On this day in 1976, the weakened Hurricane Kathleen hit Ocotillo, CA. Lest anyone be confused, a Pacific hurricane is not the same as an Atlantic hurricane. Pacific "hurricanes" are cyclones but nevertheless named as hurricanes and make up the Pacific Hurricane Season as opposed to Atlantic Hurricane Season.

Kathleen was the first tropical cyclone to hit Southern California since 1939. There was over $160 million in damages and five people died. A wall of water left a 700 feet wide, 40 feet deep gap at the Myer Creek Bridge on I-8. The 4 to 6 feet high wall of water destroyed 70% of the homes in Ocotillo, CA, about 90 miles east of San Diego.
If this weather phenomenon occurred today, I'm sure someone would attempt to attribute it to global warming. Yet, in 1976 the experts were concerned about the coming ice age.

Kathleen's rainfall
Hurricane Kathleen track

Destructive Storm Hits the Desert

[O]ne of these rare instances was in September of 1976. On September 7th, a tropical storm formed off the coast of Baja California, which is not unusual in the least. Several hurricanes and tropical storms form in this area every year without affecting land. Many of these head north until they reach cooler water where they dissapate. However, this storm formed very quickly and moved swiftly up the coast until it reached the midpoint of Baja. There, it turned into a hurricane and made landfall, causing it to lose strength and turn into a tropical storm. However, this storm moved so fast over land to the north that it did not disspate enough to spare the Yuha and Colorado desert areas of tropical storm strength wind and rain. Yuma recorded a sustained wind of 57 mph.

Ten to eleven inches of rain hit the mountains of Southern California on the 10th and 11th. Even half of this amount is as much rain as the desert receives on an average year. The desert floor around Ocotillo and I-8 turned into a large inland sea. The freeway was destroyed and the most of Ocotillo was destroyed and three people drowned. San Diego's major highway to the east was gone. The Southern Pacific Railroad lost over a million dollars in railway (you can see an overturned tressel in the Plaster City area to this day). The storm wasn't quite through, though. It continued north across the Mojave and Sonoran deserts until it died over the high deserts of Nevada.


Some history on California tropical storms from USA Today.

Link to map of Ocotillo, CA

On the Atlantic Hurricane Season front, an article in Bloomberg News reports that hurricane researchers have flubbed their predictions for two straight years.

Hurricane researchers, who forecast seven more storms this season, have flubbed the past two annual estimates because of unusual El Nino and La Nina weather phenomena in the Atlantic and Pacific Oceans.

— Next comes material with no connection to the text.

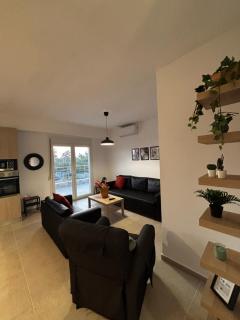 Mediterraneo Suites with Pool & Sea View Escape - Nea Kalikratia - 9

The predictions reflect variables that make this kind of weather forecasting ``more art than science,'' said Eric Blake, a hurricane specialist at the National Hurricane Center in Miami. Two of the nine Atlantic hurricanes predicted already have occurred for the season that ends Nov 30. Last year, five storms emerged after nine were anticipated.


For the global warming alarmists: Earth is cooling.